2. Ceteris paribus, AMAT "deserves" a valuation premium relative to its historical low valuations because, now, it is a stronger company compared to other semi-equips and chips are a larger part of the economy and will grow even larger.

3. Statements 1. and 2. do NOT make AMAT's prices "immune" to the effects of the economy. I believe AMAT's price is appropriate for the current economy and the generally accepted view that the economy will continue to improve and technology will follow, albeit more slowly for a while.

4. You are posing an economic scenario characterized by words such as "scared" and "cracks". That sounds worse than any economy I have witnessed in my lifetime. I am not "saying" that AMAT's price will hold at any level in this kind of environment.

5. I don't agree with your "basic reasoning". You have bought into the "deflationary" recession idea. I see monetary (rates and liquidity) and fiscal policy being used with abandon to keep the economy going through the 2004 election. With tons of money floating about, stocks and real estate will benefit. We will pay the piper only if and when it becomes evident that inflation threatens to get out of control. I don't see "scared" consumers. I don't see "scared" lenders. Marginal behavior will reflect debt levels, employment levels, rates, and liquidity, but I don't see any Japanese or Great Depression type "doom and gloom." I think the American people have shown great resiliency in the face of the effects of the bubble, the 9/11 attack, and a new war on terrorism. I will not bet the farm against your scenario, but I am even less comfortable betting the farm on it.



To: Jacob Snyder who wrote (3367)12/22/2002 11:07:20 AM
From: Sam Citron  Read Replies (1) | Respond to of 13403
 
Jacob, I agree that At some point ...

3. consumers get scared enough to start saving, lenders get scared enough to stop all sub-prime lending (to consumers, businesses, and governments

4. consumption finally cracks (with incomes flat, consumption contracts enough for significant deleveraging to happen)

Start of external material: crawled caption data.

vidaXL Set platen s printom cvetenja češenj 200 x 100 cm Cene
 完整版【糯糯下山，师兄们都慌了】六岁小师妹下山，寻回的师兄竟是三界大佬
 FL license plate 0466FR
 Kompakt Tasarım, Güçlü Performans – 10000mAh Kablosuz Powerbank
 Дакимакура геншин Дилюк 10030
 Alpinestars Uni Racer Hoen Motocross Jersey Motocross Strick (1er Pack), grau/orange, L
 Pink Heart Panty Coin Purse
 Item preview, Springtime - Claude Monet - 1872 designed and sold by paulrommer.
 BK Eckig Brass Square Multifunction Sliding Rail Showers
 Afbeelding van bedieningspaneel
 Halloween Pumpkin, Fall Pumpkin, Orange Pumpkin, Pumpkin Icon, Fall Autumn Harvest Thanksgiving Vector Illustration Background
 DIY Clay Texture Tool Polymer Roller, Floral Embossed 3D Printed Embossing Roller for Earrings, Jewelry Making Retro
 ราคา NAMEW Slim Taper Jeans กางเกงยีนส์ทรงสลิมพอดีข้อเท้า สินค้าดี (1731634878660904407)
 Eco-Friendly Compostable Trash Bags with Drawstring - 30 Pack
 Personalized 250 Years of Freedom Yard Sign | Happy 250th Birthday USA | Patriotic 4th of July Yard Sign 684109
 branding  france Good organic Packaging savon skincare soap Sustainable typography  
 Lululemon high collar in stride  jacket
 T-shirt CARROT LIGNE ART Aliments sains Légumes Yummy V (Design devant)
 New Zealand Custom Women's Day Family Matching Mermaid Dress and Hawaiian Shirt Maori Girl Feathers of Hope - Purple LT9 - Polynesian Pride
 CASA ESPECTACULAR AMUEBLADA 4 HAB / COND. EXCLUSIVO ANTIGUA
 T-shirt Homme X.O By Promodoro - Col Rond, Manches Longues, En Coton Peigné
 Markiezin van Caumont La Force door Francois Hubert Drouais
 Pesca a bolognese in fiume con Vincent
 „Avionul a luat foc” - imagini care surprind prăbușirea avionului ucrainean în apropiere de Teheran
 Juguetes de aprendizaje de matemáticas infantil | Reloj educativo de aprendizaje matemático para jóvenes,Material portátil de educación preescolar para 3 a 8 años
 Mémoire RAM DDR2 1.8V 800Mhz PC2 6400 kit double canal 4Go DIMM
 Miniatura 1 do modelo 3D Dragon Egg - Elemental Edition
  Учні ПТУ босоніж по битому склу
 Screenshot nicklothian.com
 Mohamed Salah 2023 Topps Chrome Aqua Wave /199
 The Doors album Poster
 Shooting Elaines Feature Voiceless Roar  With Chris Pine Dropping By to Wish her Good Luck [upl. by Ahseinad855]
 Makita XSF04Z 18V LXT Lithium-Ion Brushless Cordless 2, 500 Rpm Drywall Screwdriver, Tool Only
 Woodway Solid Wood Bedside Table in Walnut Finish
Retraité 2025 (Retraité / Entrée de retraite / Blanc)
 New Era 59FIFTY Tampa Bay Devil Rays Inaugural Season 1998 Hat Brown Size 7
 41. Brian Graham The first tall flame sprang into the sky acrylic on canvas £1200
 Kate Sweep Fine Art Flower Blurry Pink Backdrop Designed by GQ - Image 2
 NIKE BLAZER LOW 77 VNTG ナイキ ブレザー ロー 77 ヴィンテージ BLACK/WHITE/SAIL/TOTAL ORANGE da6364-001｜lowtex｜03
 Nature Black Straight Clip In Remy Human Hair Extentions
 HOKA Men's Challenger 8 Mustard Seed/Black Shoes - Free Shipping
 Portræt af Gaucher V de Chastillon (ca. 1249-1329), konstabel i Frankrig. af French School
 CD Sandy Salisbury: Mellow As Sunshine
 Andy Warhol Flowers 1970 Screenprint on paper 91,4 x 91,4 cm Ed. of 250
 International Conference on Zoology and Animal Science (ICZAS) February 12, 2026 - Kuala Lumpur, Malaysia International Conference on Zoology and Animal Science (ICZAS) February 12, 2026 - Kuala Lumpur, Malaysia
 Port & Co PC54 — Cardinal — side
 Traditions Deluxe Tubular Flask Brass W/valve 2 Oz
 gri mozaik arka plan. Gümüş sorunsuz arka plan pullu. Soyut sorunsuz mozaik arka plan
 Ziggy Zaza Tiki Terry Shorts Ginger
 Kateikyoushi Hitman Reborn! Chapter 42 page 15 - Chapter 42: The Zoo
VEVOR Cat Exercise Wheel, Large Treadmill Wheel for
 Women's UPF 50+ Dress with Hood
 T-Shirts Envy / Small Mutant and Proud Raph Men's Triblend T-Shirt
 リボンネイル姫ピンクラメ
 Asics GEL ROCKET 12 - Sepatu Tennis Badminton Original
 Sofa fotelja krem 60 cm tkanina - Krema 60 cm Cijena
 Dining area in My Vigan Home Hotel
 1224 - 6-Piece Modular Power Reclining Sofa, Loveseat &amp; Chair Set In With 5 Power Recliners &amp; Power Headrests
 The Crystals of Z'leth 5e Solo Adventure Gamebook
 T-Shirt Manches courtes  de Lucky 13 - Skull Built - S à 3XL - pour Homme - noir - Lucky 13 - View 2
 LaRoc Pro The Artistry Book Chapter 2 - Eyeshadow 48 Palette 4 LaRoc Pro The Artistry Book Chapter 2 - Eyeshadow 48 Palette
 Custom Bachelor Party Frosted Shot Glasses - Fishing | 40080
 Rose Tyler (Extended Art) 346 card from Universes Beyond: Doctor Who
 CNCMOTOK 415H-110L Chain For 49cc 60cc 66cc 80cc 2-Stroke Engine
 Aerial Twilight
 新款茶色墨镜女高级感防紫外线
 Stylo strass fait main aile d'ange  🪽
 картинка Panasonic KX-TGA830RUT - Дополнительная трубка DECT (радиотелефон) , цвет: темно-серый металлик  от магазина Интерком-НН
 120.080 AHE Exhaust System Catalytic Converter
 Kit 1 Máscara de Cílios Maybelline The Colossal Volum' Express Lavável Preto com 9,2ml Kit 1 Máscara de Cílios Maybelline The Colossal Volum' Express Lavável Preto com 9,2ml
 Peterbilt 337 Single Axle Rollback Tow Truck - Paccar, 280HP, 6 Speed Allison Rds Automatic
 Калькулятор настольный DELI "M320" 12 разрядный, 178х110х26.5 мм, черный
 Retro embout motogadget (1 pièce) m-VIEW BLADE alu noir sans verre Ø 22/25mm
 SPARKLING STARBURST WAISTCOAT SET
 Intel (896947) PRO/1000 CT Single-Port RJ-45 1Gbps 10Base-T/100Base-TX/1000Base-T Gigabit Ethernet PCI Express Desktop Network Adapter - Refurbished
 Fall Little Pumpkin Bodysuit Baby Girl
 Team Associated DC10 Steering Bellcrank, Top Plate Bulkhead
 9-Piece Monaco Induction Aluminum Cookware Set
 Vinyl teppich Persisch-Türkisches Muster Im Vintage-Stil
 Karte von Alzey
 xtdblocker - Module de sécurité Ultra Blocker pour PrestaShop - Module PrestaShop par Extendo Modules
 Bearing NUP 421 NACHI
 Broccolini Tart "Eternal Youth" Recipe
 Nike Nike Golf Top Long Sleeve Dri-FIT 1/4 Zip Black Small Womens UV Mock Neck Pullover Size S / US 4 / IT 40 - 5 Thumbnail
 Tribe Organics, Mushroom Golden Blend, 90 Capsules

However, I think that this point marks the theoretical nadir of the business cycle, rather than an event that is destined to transpire during this business cycle.

Intelligent policy measures by the Fed can forestall or prevent the final reckoning scenario that you have so eloquently portrayed. Interest rates can and should go up again, though not to the moon. [How does your interest rate forecast jibe with your zero-inflation forecast?] Housing prices can stabilize without falling into an abyss. Consumers can adjust their marginal propensity to save without necessarily sending the economy off the cliff. Default rates on sub-prime loans can rise without choking off ALL sub-prime lending. The consumption engine can temporarily stall without "cracking". And capex can stay in a rut for over a year without signalling doomsday for companies with sufficiently strong balance sheets to weather the storm.

The reckoning day that you envision can only take place in a "loss of confidence" environment such as we are now witnessing in Venezuela. But it is not a foregone conclusion that the US will suffer the same fate. The latest Michigan and Conference Board confidence numbers do not confirm your dour predictions. They are consistent with a US economy that is no longer in a recession and is actually in recovery mode. Sure it may recover slowly and in fits and starts. That would not be unprecedented. As it recovers it is likely to bring up the rest of the world with it.

Your prognistications have taken on such a pessimistic cast of late that it makes me even more bullish because you and many other young investors have already acted on your beliefs by disinvesting and hoarding cash. This is probably the first significant bear market that you have encountered as an investor and it has shaken your confidence in the economy. My prediction is that once you catch the slightest whiff of inflation in the breeze, which runs counter to your zero-inflation forecast, you will desert your depreciating cash and come running back to your favorite asset class, the cheap tech gorilla, regardless of whether AMAT is selling at $10 or even $20.